Data segment =
● ● ● ● ●

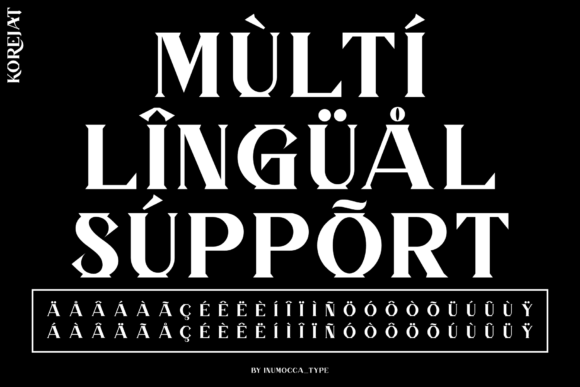 Korejat Font PNG with transparent background - Preview 6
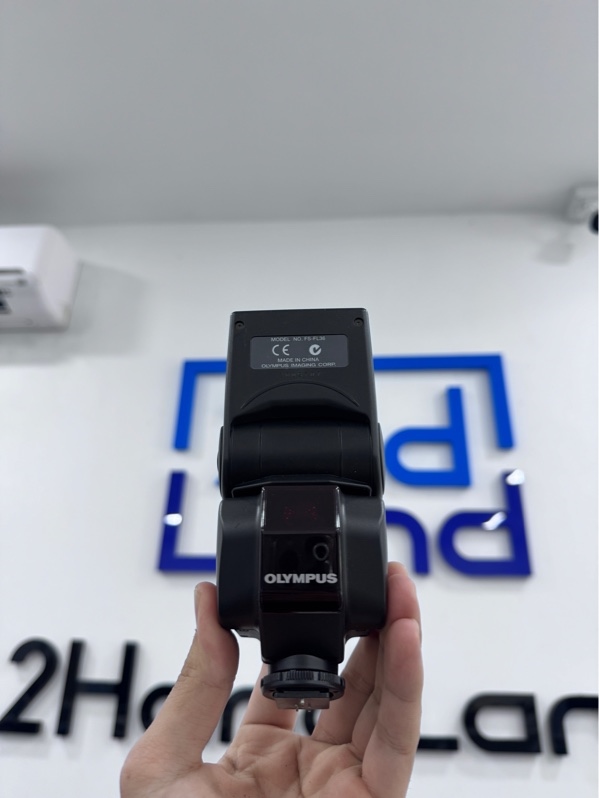 Đèn Flash Olympus FL-36 - Màu đen - Ngoại hình 98% - Body
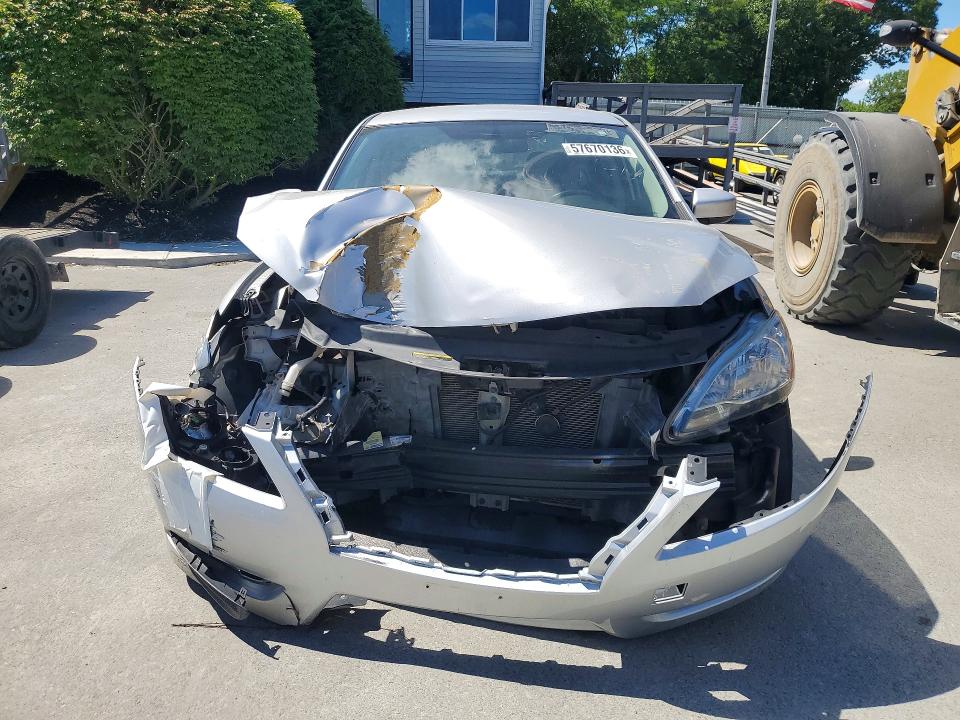 2015 Nissan Sentra მანქანა იყიდება აუქციონზე, vin: 3N1AB7AP6FL663848, აუქციონის ნომერი: 57670136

● ● ● ● ●

Word for word, restate each line above, minus its pictures.

Exercise response =
 Korejat Font PNG with transparent background - Preview 6
 Đèn Flash Olympus FL-36 - Màu đen - Ngoại hình 98% - Body
 2015 Nissan Sentra მანქანა იყიდება აუქციონზე, vin: 3N1AB7AP6FL663848, აუქციონის ნომერი: 57670136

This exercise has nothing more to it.